European Commission head Jose Manuel Barroso "welcomes firstly the fact that the political parties have agreed on a government and a solution which ensures a stable and strong government for Germany," his spokeswoman said.
EU Commission President Jose Manuel Barroso
"He is happy that the period of waiting is over," she added.
The deadlock in Germany since a September 18 election had compounded the turmoil-wracked European Union's problems, from a flagging economy and squabbles over its funding to the crisis over its rejected constitution.
But on Monday, Germany's biggest parties confirmed a deal to form a grand coalition under Merkel, who will become the country's first woman chancellor.
French Foreign Minister Philippe Douste-Blazy hailed the end of the "period of uncertainty," saying: "There can be no European construction without perfect collaboration between France and Germany."
"Urgent decisions are needed on many European questions," added European Parliament head Josep Borrell. "I am sure that the next government will throw all its weight behind making progress on them."
Narrow victory could impose limits
But while the immediate stalemate has been overcome, analysts warn that the narrowness of Merkel's victory -- and the inevitable restrictions imposed by her coalition -- may limit Berlin's room to act at a crucial time for the EU.
The 25-nation bloc is facing an increasingly tight deadline to hammer out an accord on its budget for the period from 2007-13, after EU leaders failed in June to strike a deal.
British Prime Minister Tony Blair
British Prime Minister Tony Blair will no doubt be keen to welcome Merkel -- whose free-market ideas are much closer to his ideas than Schröder's were -- at an informal EU summit in London this month likely to focus on economic reform.
London argues that the EU -- whose growth has languished in recent years -- needs to shake up its traditional "European social model" if it is remain competitive faced with the emerging giants of China and India.
Merkel said Monday that she plans to focus on reviving Germany's economy, which has seen dismal growth and record unemployment in recent years.
"We agree we have no alternative to the reform process. We have set our aim to create a coalition that stands for new policies," she said.
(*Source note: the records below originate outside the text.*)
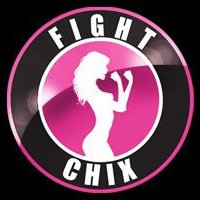 fightchixJake's Avatar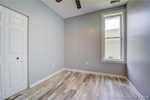 2117 E Market St New Albany IN 47150 | MLS 202509070 Photo 17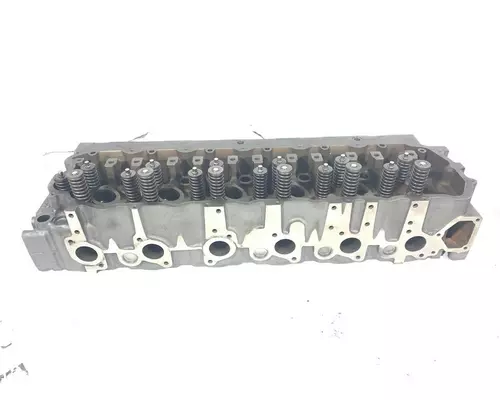 CATERPILLAR 3126 Engine Cylinder Head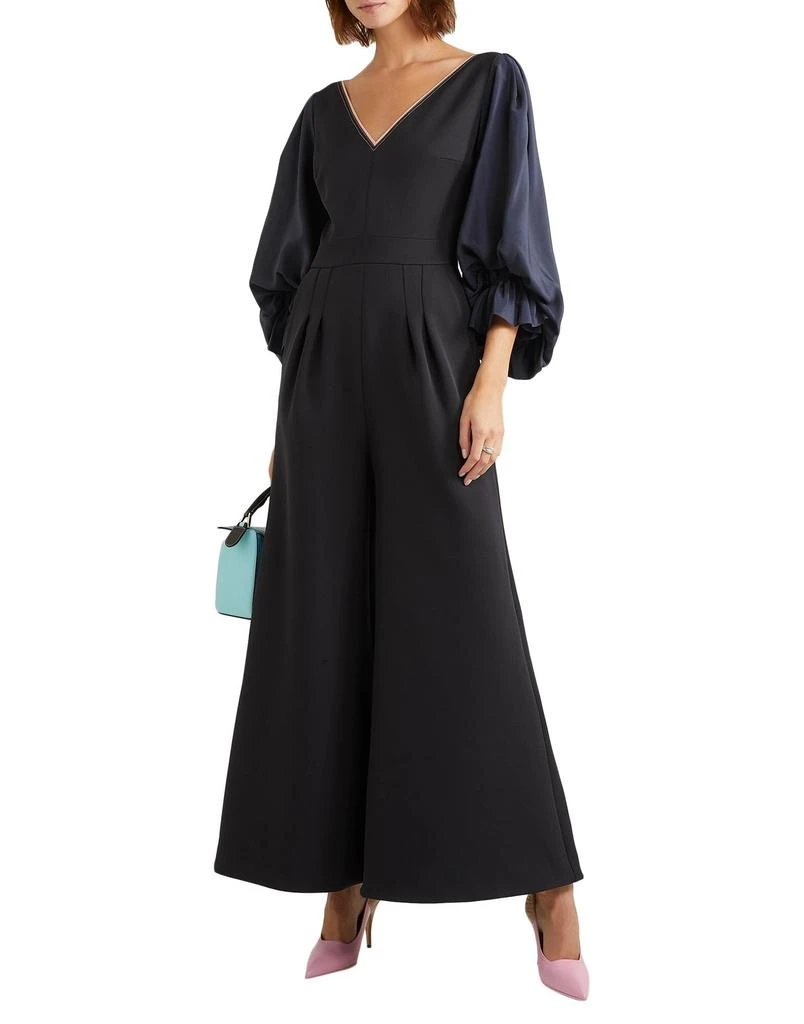 商品ROKSANDA|Jumpsuit/one piece,价格¥7291,第4张图片详细描述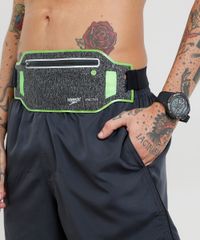 Kit-de-Relogio-Digital-Speedo-Masculino---Porta-Objetos---11013G0EVNP2KA-Preto-9507235-Preto_2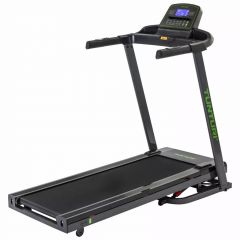 TUNTURI - CARDIO FIT T40 - FUTÓPAD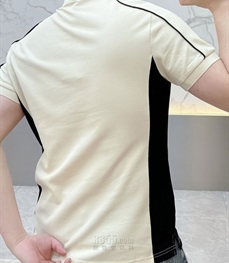 市场上装-T恤-欧货T恤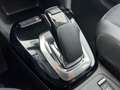 Opel Corsa F e Elegance*NAVI*SHZ*RFK*uvm Orange - thumbnail 14
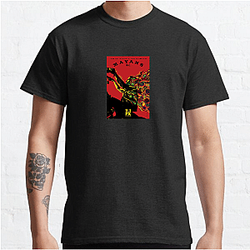 Mayans M.C. is a spin-off of Sons of Anarchy Mayans M.c. T-Shirts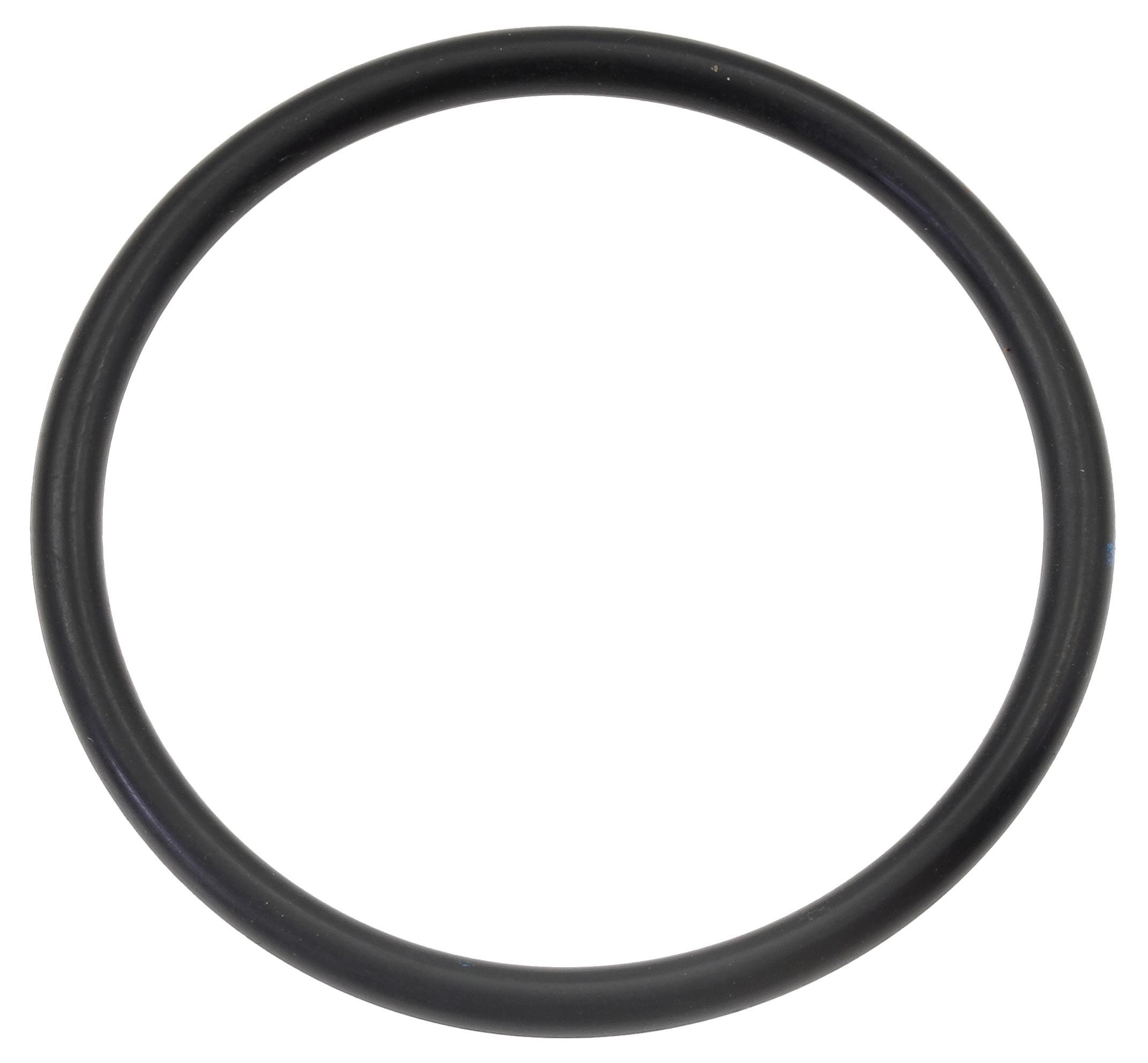 Кольцо уплотнительное перфоратора M HR3000C 213615-6 d46 (перф831)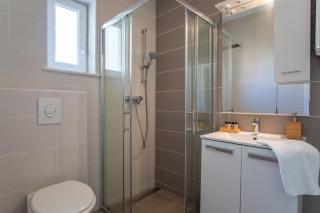 Novalja WEST Residence - 1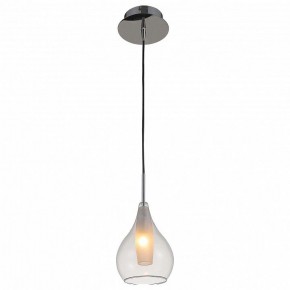 Подвесной светильник Lightstar Pentola 803031 в Набережных Челнах - naberezhnye-chelny.mebel24.online | фото 2
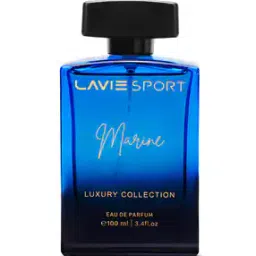 lavie sport Unisex Marine Long Lasting Eau De Parfum-200 ml-picture-13
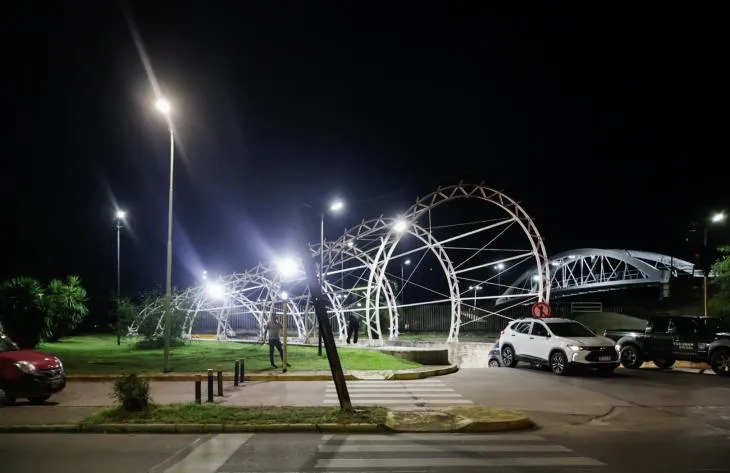 730x473_260109145336_81411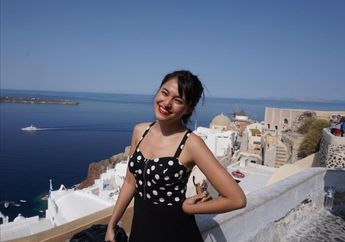 Pantas Saja Enjoy Jadi Single Selama Dua Tahun Terakhir, Ternyata Rumah Artis Marshanda Dilengkapi Fasilitas yang Bikin Betah di Rumah!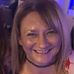 Janet Brandon - Facebook
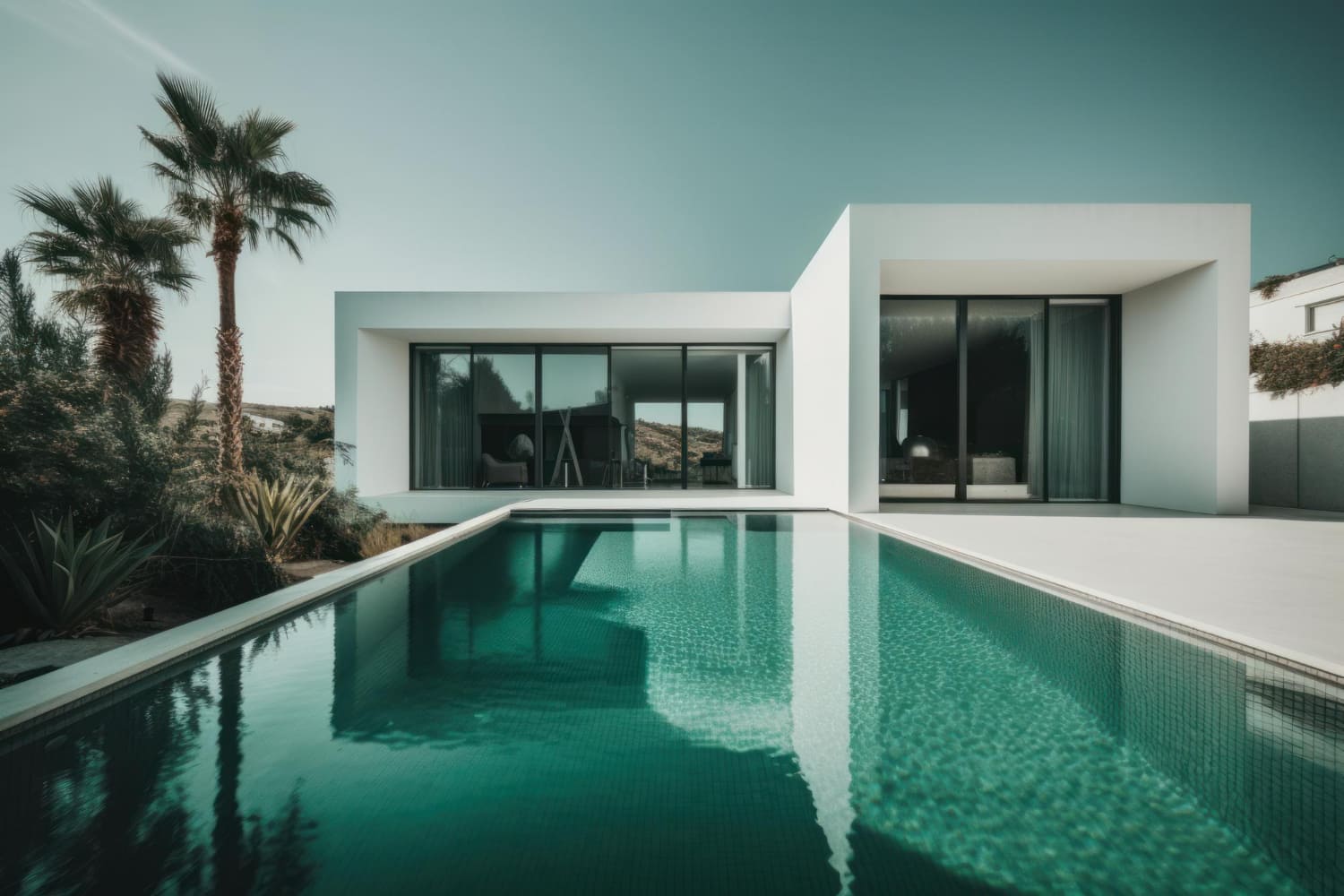 5 Reasons to Invest in Properties for Sale in Javea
Experts said Berlin should continue to be a key EU force. "I do not expect any significant change in the general European vocation of Germany," said John Palmer, of the European Policy Center in Brussels.
"What is more open to question is whether the new government will display ... the necessary degree of energy and strategic vision in providing leadership in moving the Union forward," he added.
Turkey and US
Turkey reacted in relaxed fashion. In contrast to Schröder's party, Merkel has campaigned against Turkey's full membership of the bloc.
The Turkish and the European Union flags
"It's fine for us. I don't think that relations will cool off," a Turkish government official said. Ankara started EU entry talks last week.
The United States -- whose ties with Schröder were severely strained by the 2003 Iraq war -- also welcomed the news.
"We've had a strong relationship with Germany and have worked to strengthen it under Chancellor Schröder," State Department spokesman Tom Casey told AFP.
"We look forward to continuing that relationship with the new government and look forward to working with it in the future."